Psychotic Turkey Holds the Nation’s Capital in Grip of Terror

  • Our capital seems to be under attack by an avian invader.

The most inconspicuous animals can get surprisingly violent. Turkeys, for example, can be real terrors.

A couple of years ago, there was a turkey called Gerald that brutalized a park in Oakland, CA, for months. But now have another gobbler that’s giving Gerald a run for his money.


For months now, residents in Washington, D.C, and Maryland have come under regular turkey attacks. But here’s the thing — the authorities believe that the same turkey is behind each attack.
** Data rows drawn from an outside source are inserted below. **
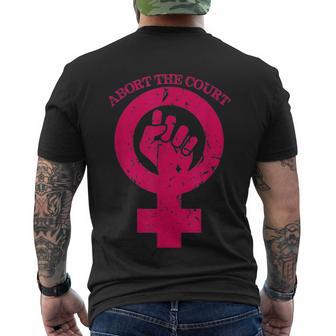 Abort The Court Womens Reproductive Rights Men's Crewneck Short Sleeve Back Print T-shirt - Monsterry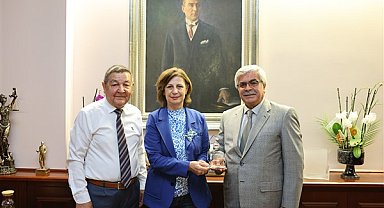 Van-Es ve ESVAK Başkanları, Başkan Ünlüce'yi ziyaret etti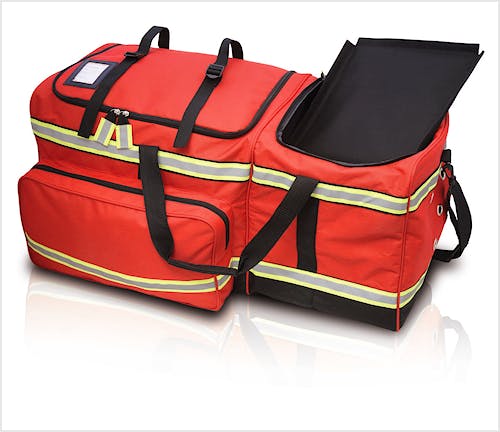 Bolsa Bomberos Transporte Equipo Protección Individual Modelo ATTACK'S EB05.001. Poliéster
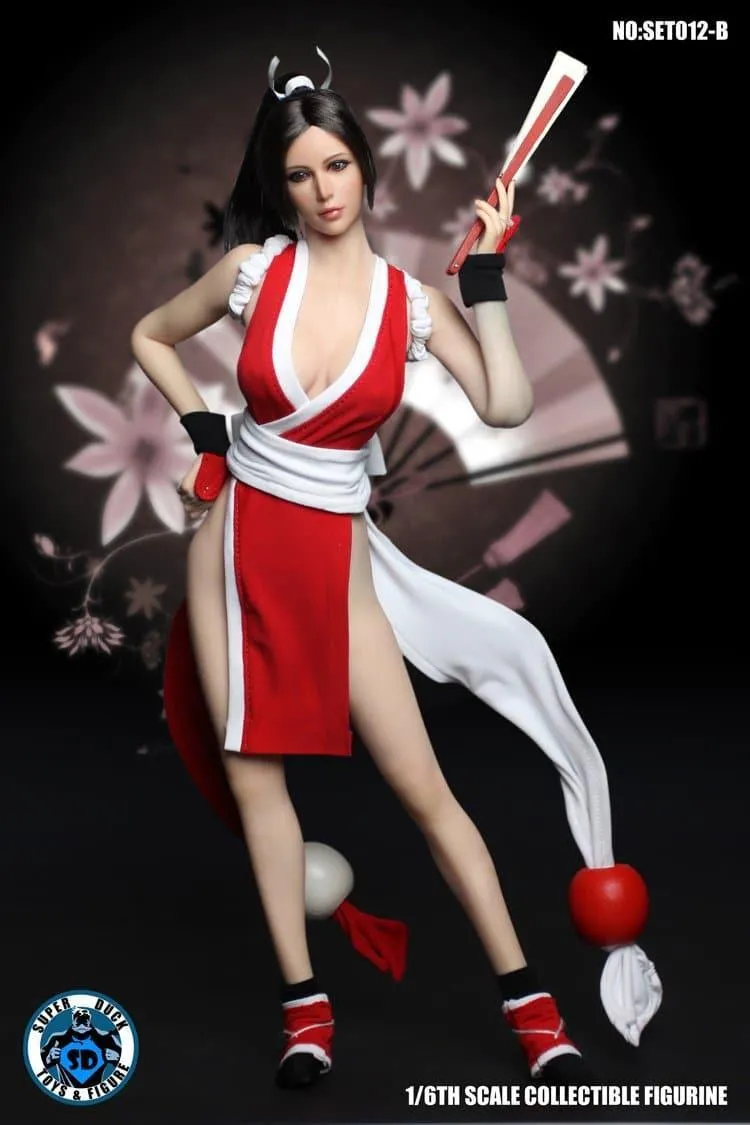 1:6 Mai Shiranui Red Seamless Figure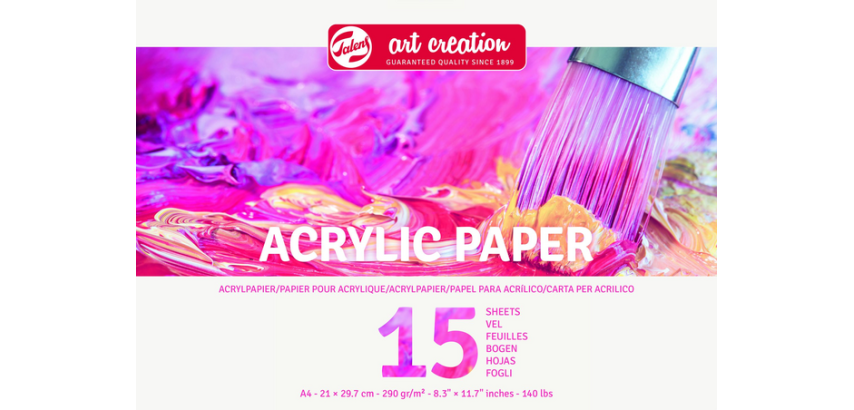 Papier peinture acrylique Talens Art Creation A4 15 feuilles 290g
Each victim has described their assailant as a roughly three-and-a-half-foot-tall turkey that suddenly comes screeching at them. While it’s not easy to tell turkeys apart, those who can do so are convinced that there’s only one psycho turkey making rounds.

So why aren’t the authorities doing anything about this raging avian? Oh, but they are — or at least they’re trying to.

But the turkey in question has avoided every attempt to catch it. Several different agencies are after it, but so far, they’ve had no luck in apprehending the turkey.

‘It Was Terrifying’

One of the turkey’s victims is Cliff Robinson, a retired court services employee. In early April, he was out walking near a small wood between Kenilworth Marsh and the Anacostia River, on the border between Maryland and Washington, D.C.

And then the turkey came.

“I was attacked there,” Robinson, 70, told Wall Street Journal.

“I was trying to get away from him and he came after me. He wouldn’t let me pass.”

Robinson isn’t by far the only person the turkey has attacked. Many others have shared their stories on social media.

“I was chased by this guy back in November for a solid quarter-mile at relatively high speed,” one bicyclist wrote on a blog, adding that we felt lucky he was on his bike.

“A wild turkey that attacked me on the Anacostia trail last night. I ended up at urgent care with puncture wounds on my legs and I had to get a tetanus shot and antibiotics. It was terrifying,” another person lamented according to WSJ.

Familiar to Authorities

The turkey isn’t a previously unknown visitor in the area. In fact, he’s very familiar to local park rangers and wildlife managers.

Sue Greeley is one of them. According to her, the turkey had been living in the U.S. National Arboretum by Anacostia River at least since last November.

Back then, he wasn’t violent at all. In fact, the turkey had a habit of following the park’s workers as they collected dogwood.

“It was this comedic detective-like situation where he was following and then pretended he was not following,” said Sue Greeley, a wildlife manager at the U.S. National Arboretum.

“Near Thanksgiving, the gentleman [the turkey was following] turned and warned him that if he wasn’t careful, he was going to have him for dinner.”

After that remark, the turkey disappeared for a couple of months. But then he reappeared in January near the Kenilworth Aquatic Gardens as a changed bird.

Joe Cashman, a park guide at the Gardens, said that the turkey came after him and another guide as they were biking through the garden.

“We got a kick out of it. Then we started getting complaints,” Cashman recalled.

“It started getting aggressive. It’s gotten more and more aggressive.”

Soon, the guides put up warning posters, encouraging people to avoid wildlife. But since then, the turkey attacks have become increasingly violent.

‘We Don’t Want to Kill It’

Clearly, something must be done about the turkey. And believe us, the authorities are trying — there are more than a dozen agencies after the bird.

But the turkey knows how to get away. He keeps zig-zagging between state lines and jurisdictions, flying across the Anacostia to evade the long arm of the law.

It might be easier to do what the one National Arboretum worker joked about and turn the turkey into Thanksgiving dinner. But Cashman says that such an approach is completely off the table.

“We don’t want to kill it,” he insists.

Instead, the plan is to capture the turkey and relocate him somewhere where he can do no harm to people.

But that’s easier said than done. How can you relocate something you seem to be unable to catch?

Meanwhile, local residents have no idea when or where the turkey will strike next.